WHAT IS BEING ASKED:
Repeat the entries exactly, keeping every line as it is.
== SOURCE MATERIAL ==
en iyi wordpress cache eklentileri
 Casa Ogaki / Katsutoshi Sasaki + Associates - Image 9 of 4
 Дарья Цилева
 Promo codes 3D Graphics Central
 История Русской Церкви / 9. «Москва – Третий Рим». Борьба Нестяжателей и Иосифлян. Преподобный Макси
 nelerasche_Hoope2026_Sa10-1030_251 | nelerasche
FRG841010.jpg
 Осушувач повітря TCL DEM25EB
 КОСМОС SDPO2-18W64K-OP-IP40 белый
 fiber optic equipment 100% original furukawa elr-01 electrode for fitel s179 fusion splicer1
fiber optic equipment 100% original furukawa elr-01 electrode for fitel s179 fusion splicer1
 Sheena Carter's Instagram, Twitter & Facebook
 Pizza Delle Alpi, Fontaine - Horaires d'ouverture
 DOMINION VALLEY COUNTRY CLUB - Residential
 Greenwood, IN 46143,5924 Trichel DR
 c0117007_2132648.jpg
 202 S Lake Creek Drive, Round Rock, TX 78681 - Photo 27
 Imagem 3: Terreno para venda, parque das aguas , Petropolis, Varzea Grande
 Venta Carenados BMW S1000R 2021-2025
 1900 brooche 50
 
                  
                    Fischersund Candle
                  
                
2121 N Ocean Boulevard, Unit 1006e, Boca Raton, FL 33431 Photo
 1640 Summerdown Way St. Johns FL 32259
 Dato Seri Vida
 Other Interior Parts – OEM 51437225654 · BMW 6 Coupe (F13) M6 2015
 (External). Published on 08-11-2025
===
REPLY TO THE EXERCISE:
en iyi wordpress cache eklentileri
 Casa Ogaki / Katsutoshi Sasaki + Associates - Image 9 of 4
 Дарья Цилева
 Promo codes 3D Graphics Central
 История Русской Церкви / 9. «Москва – Третий Рим». Борьба Нестяжателей и Иосифлян. Преподобный Макси
 nelerasche_Hoope2026_Sa10-1030_251 | nelerasche
FRG841010.jpg
 Осушувач повітря TCL DEM25EB
 КОСМОС SDPO2-18W64K-OP-IP40 белый
 fiber optic equipment 100% original furukawa elr-01 electrode for fitel s179 fusion splicer1
fiber optic equipment 100% original furukawa elr-01 electrode for fitel s179 fusion splicer1
 Sheena Carter's Instagram, Twitter & Facebook
 Pizza Delle Alpi, Fontaine - Horaires d'ouverture
 DOMINION VALLEY COUNTRY CLUB - Residential
 Greenwood, IN 46143,5924 Trichel DR
 c0117007_2132648.jpg
 202 S Lake Creek Drive, Round Rock, TX 78681 - Photo 27
 Imagem 3: Terreno para venda, parque das aguas , Petropolis, Varzea Grande
 Venta Carenados BMW S1000R 2021-2025
 1900 brooche 50
 
                  
                    Fischersund Candle
                  
                
2121 N Ocean Boulevard, Unit 1006e, Boca Raton, FL 33431 Photo
 1640 Summerdown Way St. Johns FL 32259
 Dato Seri Vida
 Other Interior Parts – OEM 51437225654 · BMW 6 Coupe (F13) M6 2015
 (External). Published on 08-11-2025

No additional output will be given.